The Overlap of Creative and Vulnerable

I spent a lot of my life thinking vulnerability equals weakness. Discussing my failures, or hell, even having failures, was the sign of someone frail, someone who couldn't handle life's curveballs, someone who no one wanted to listen to, and more so, who didn't deserve to be

listened to. The perfectionism I strived to achieve meant an endless series of failed report cards that I made sure no one would see.


I ran the 2017 Chicago Marathon in more than 5 hours. At the time, I felt completely ashamed. In fact, right now, this writing might be the first time I've ever really said it aloud. It was nearly an hour more than my best marathon time. And despite my years of skillfully hiding my "flaws," this was all so public - I'd raised money for Danny Did, more than $11K, and I had so many people watching me. I had, I believed, failed them all. Failed myself. Failed Megan.


Megan's death exposed raw the darkest parts of me whether I wanted them out in the world or not. I've never been particularly good at small talk, but when a store clerk asked me how I was, I found myself responding with something like, "well, my best friend was found dead in her apartment, so not great." For once, I didn't have it in me to be Miss Hospital Corners. All of a sudden the thing I feared most - being vulnerable - was the only thing I knew how to do. To my great surprise, this led to some of the best and deepest conversations I have ever had. While some people were (understandably) weirded out by me, many found it to be an opening to tell me about grief they'd experienced, about someone amazing they'd lost. Through those encounters (and, let's be honest, a whole lot of therapy), I learned that vulnerability is quite honestly the polar opposite of weakness: it's a strength, an accomplishment all on its own.

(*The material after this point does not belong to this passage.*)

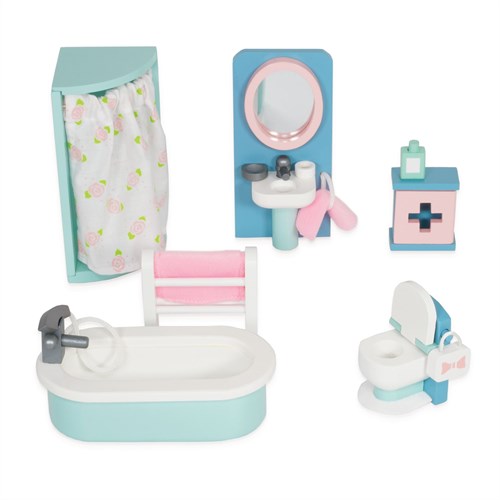 Le Toy Van Puppenhaus Badezimmermöbel Daisylane FSC Holz Set-3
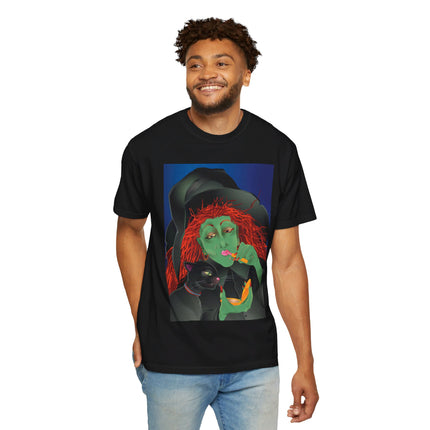 Mirror, Mirror A Witch's Touch Unisex Garment-Dyed T-shirt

I've also spent so much of my life wanting to write. Knowing that my feelings, my mood, and any memories I want to seal in time are best captured by my own unique prose; that writing is one of the few the outlets that can bring me a kind of inner peace I find nowhere else. It took years for me to recognize that writing is a skill I possess, not something that comes inherently easily to everyone. Which of course is not to say that it comes easily to me, exactly, just that it feels second nature in terms of being something that I'm simply supposed to do. So I've always found a way to write, and I've always kept it private. Because what I've feared most is that disclosure of my writing would expose me as this vulnerable person I so loathed.


This is my very long, roundabout way of explaining that this blog is my attempt to embrace vulnerability, utilize my skillset, and find the tranquility I crave all at once. I vow to publicly share the ups and the downs; the good runs and the bad; the feelings of inadequacy along with the feelings of success and joy. I'm sure it will be banal at times, maybe semi-exciting at others, but I promise it will always be authentic.